• _Collected data_
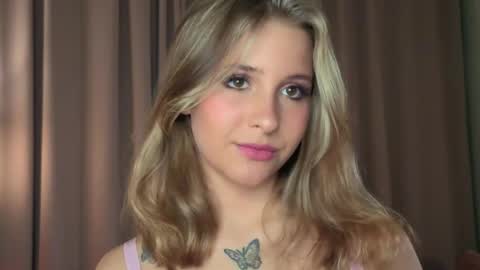 Lina  online show from March 29, 7:14 pm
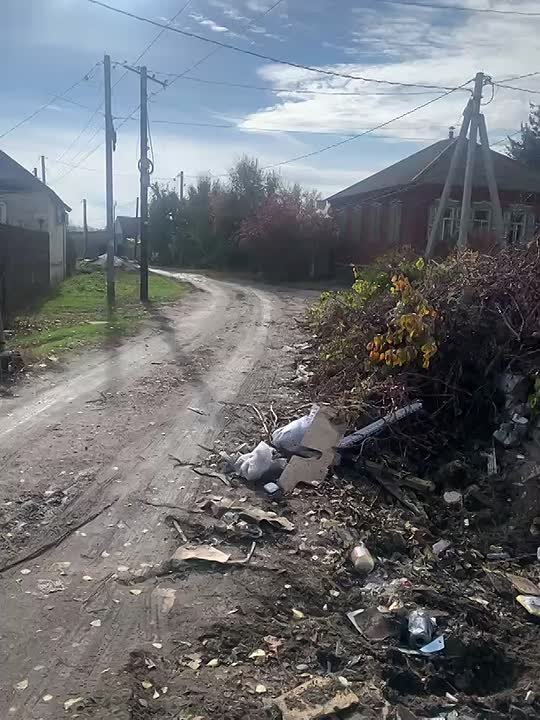 Вот такая жесть на Лавровой происходит 😳 в Волжском, 31.10.2025 в 17:00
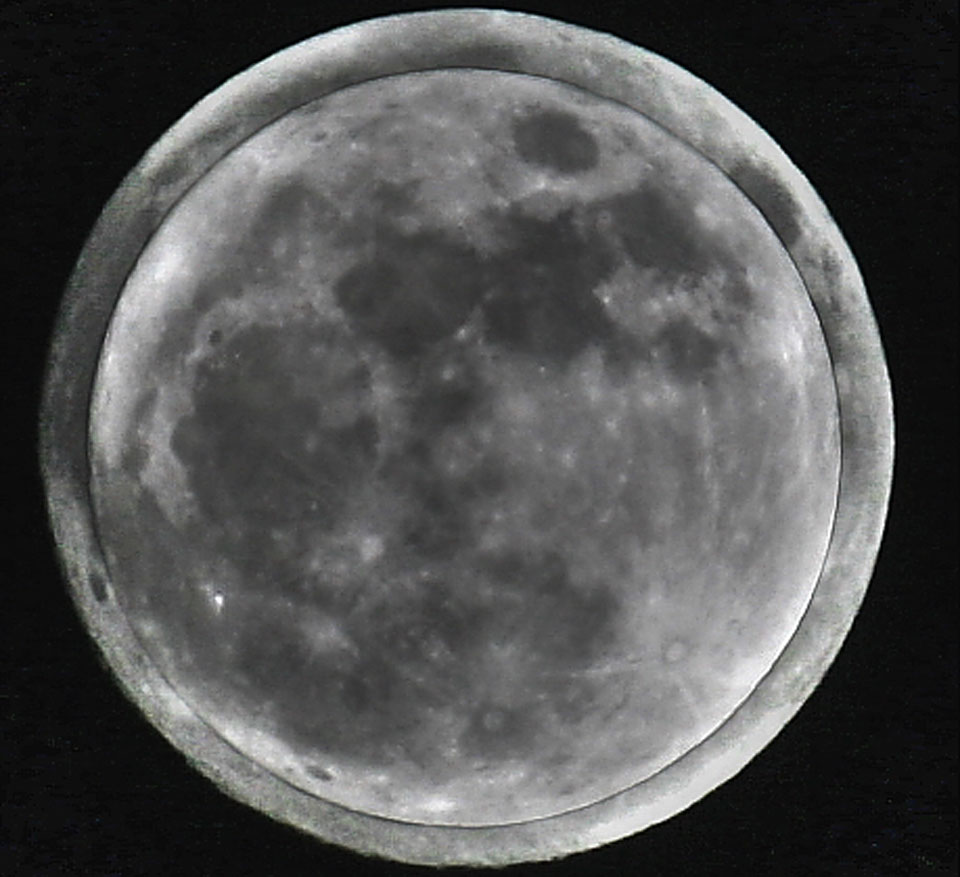 Das Bild zeigt den Mond in Erdnähe und in Erdferne, zwei Bilder wurden übereinander montiert, der Mond in Erdnähe hinten ragt über den Mond in Erdferne hinaus.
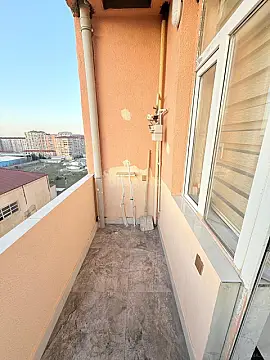 Satılır 2 otaqlı mənzil 66 m²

• _Work to complete_
When you write out the data, keep every line exact and drop the pictures.

• _Problem solution_
 Lina  online show from March 29, 7:14 pm
 Вот такая жесть на Лавровой происходит 😳 в Волжском, 31.10.2025 в 17:00
 Das Bild zeigt den Mond in Erdnähe und in Erdferne, zwei Bilder wurden übereinander montiert, der Mond in Erdnähe hinten ragt über den Mond in Erdferne hinaus.
 Satılır 2 otaqlı mənzil 66 m²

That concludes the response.